Frederick Rickmann doesn’t have just one easy answer but rather several factors that individually add weight to the scales. One common factor, though, is money:
Our business partner in Japan told us that the Japanese are more interested in buying European goods compared to Chinese goods. When things are ‘Made in Denmark’, the market value is higher. Of course, it is costlier to produce the speakers in Denmark, but if the market value rises as well, it still adds up
Founder and CEO of STEENSSEN
Another factor is the way manufacturing works. Over the years the demands for batch sizes has risen to the point where smaller brands, such as STEENSSEN, can no longer keep up.
“The manufacturers want larger and larger orders, and they are becoming less and less flexible,” Frederick Rickmann says and points out trade restrictions as one of the culprits of creating more uncertainty in the market.
Because of this Frederick Rickmann is now a well-known figure in Sound Hub Denmark, a business accelerator and coworking environment for startups in the sound-industry, in Struer.
“I have met companies here who specialize in producing small batches,” he says and also mentions a tradition for doing things the proper way in Struer as a contributing factor in his decision regarding moving the production to Struer.
The name of the game
Frederick Rickmann goes a long way in his desire to give the growing Asian middle class a small taste of Danish design. Even the name “STEENSSEN” is chosen in order to sound Scandinavian.
“It is not a reference to Steen Steensen Blicher (a famous Danish poet and author),” he says with a laugh.

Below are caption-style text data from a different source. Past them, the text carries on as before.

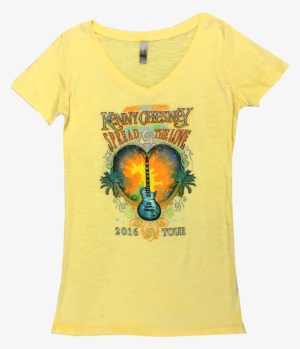 Kenny Chesney 2016 Ladies Banana Cream V Neck Tee - T-shirt #3139337
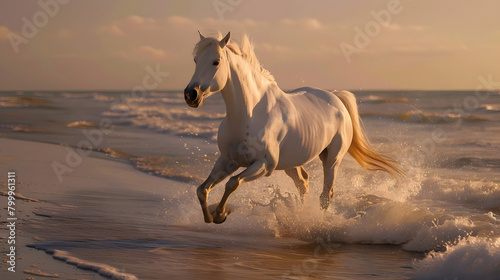 A white wild horse galloping on the beach © john
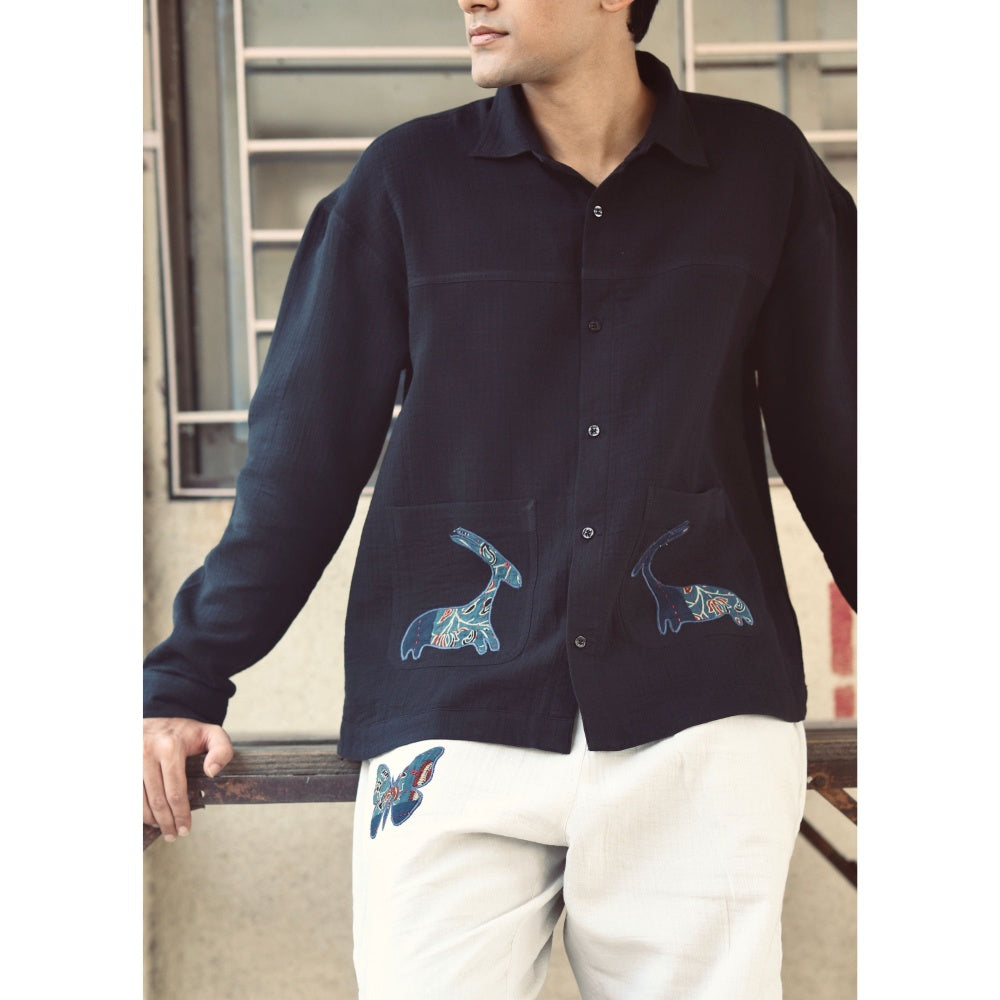 Culture Kraft Mens Hiran Black Pure Cotton Shirt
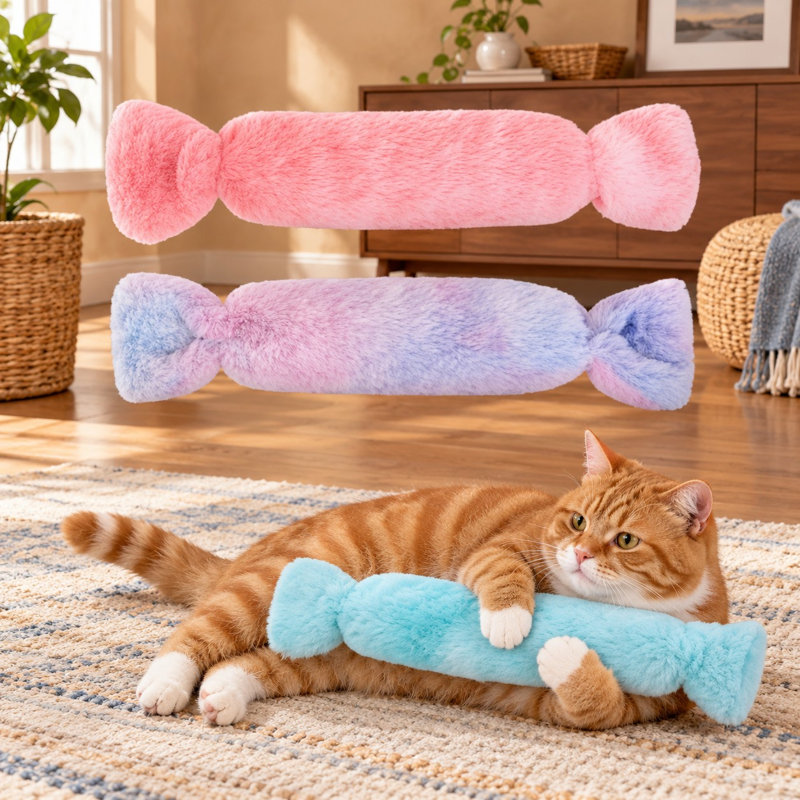 Ensemble de 3 coussins à herbe à chat en forme de bonbon avec papier crissant pour chatons d'intérieur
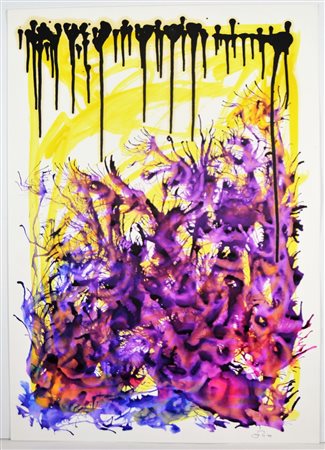 NON IDENTIFICATO AUTORE Senza titolo. 1999. Acquerello su cartoncino. Cm...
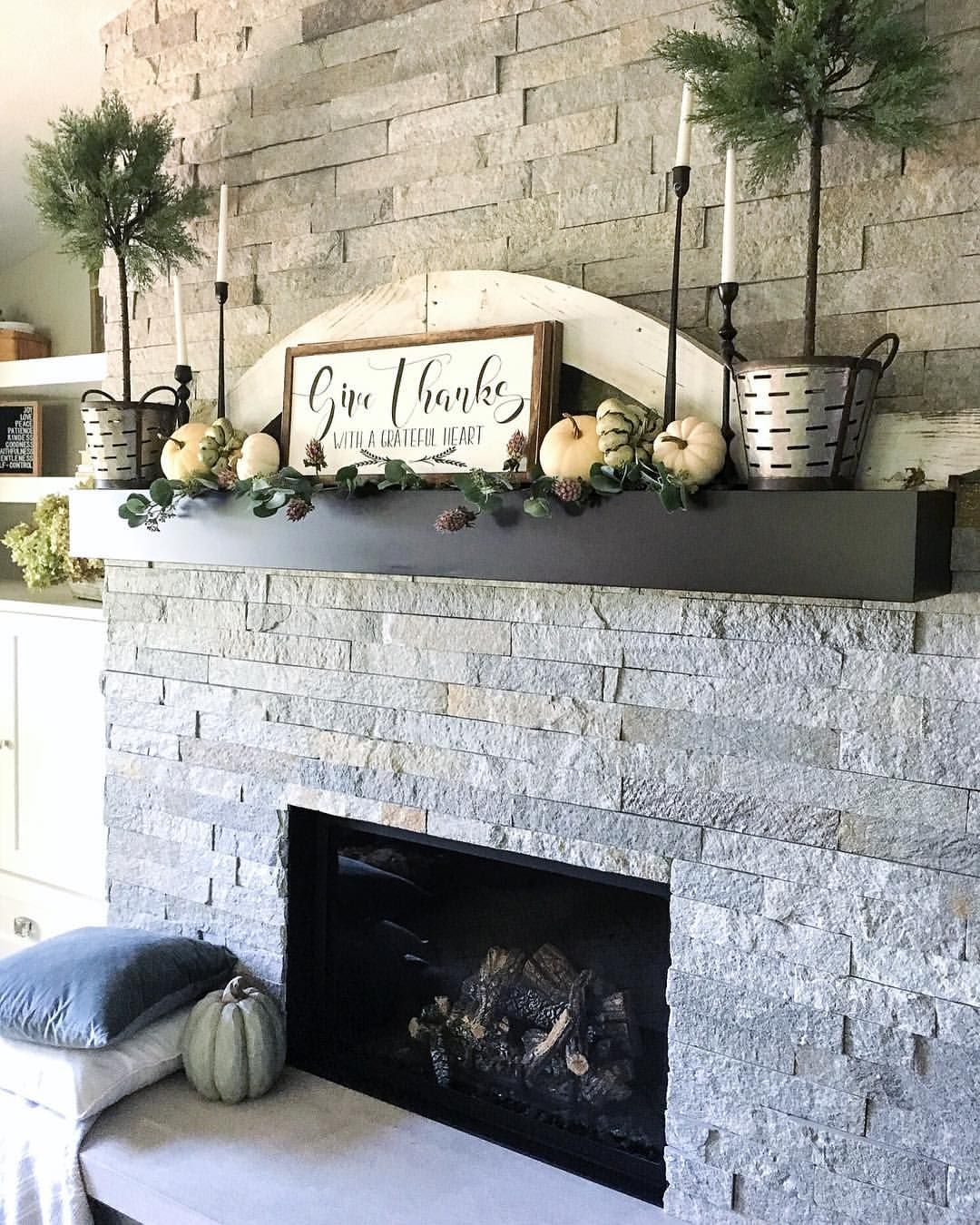 Gray Fireplace Mantel Beautiful Fall Home Decor Ideas Give Thanks Sign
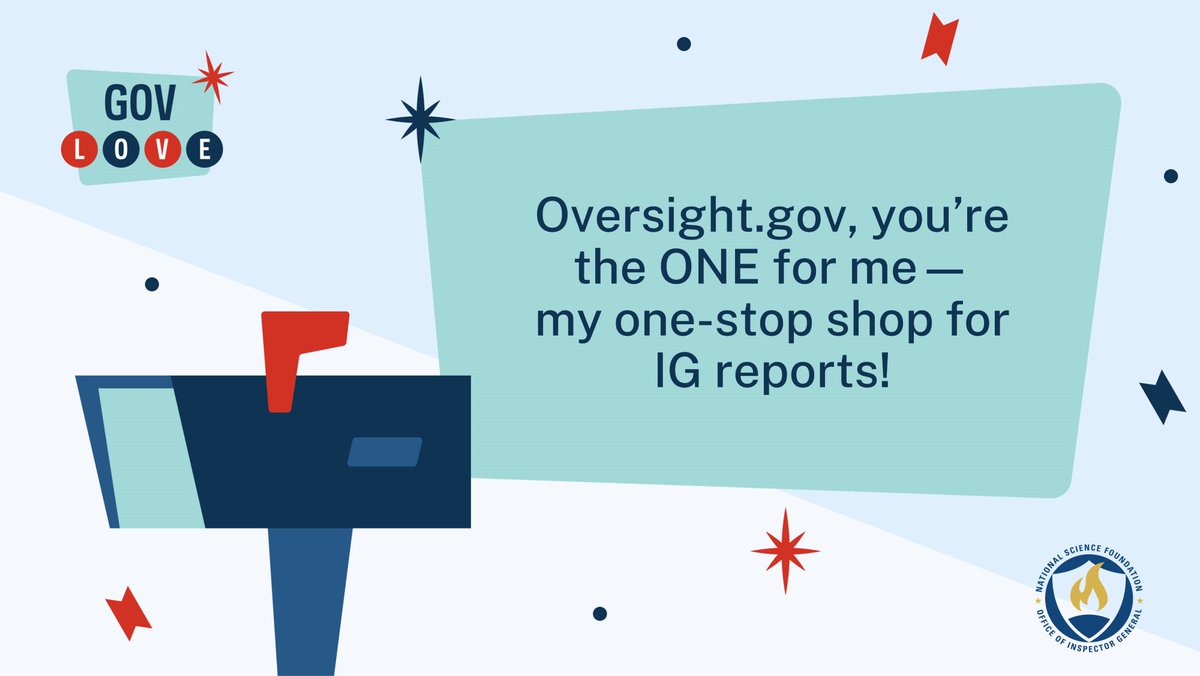 You’re the one that we want <a href="/OversightGov/">Oversight.gov</a> &amp; our hearts 💖 are set on you for all our inspector general report needs! Sending some #GovLove your way for putting all these excellent materials in 1 place 👉 oversight.gov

Even the letters used is a conscious decision – they are all open letters, no A’s, O’s, or P’s – which makes them easier to cut out from a sheet of metal, Frederick Rickmann explains.
But despite being well-prepared and admitting to thinking about the brand name for six months before reaching a decision, he can’t help but worry about what the future in Denmark holds for his company:
“I’m worried about whether or not it is possible and about the speed. In Asia you have very talented engineers who work very quickly. I’m afraid that parts of the development here will be slower and more expensive,” he says and estimates that he is currently only ¼ of the way in moving the production from China to Struer.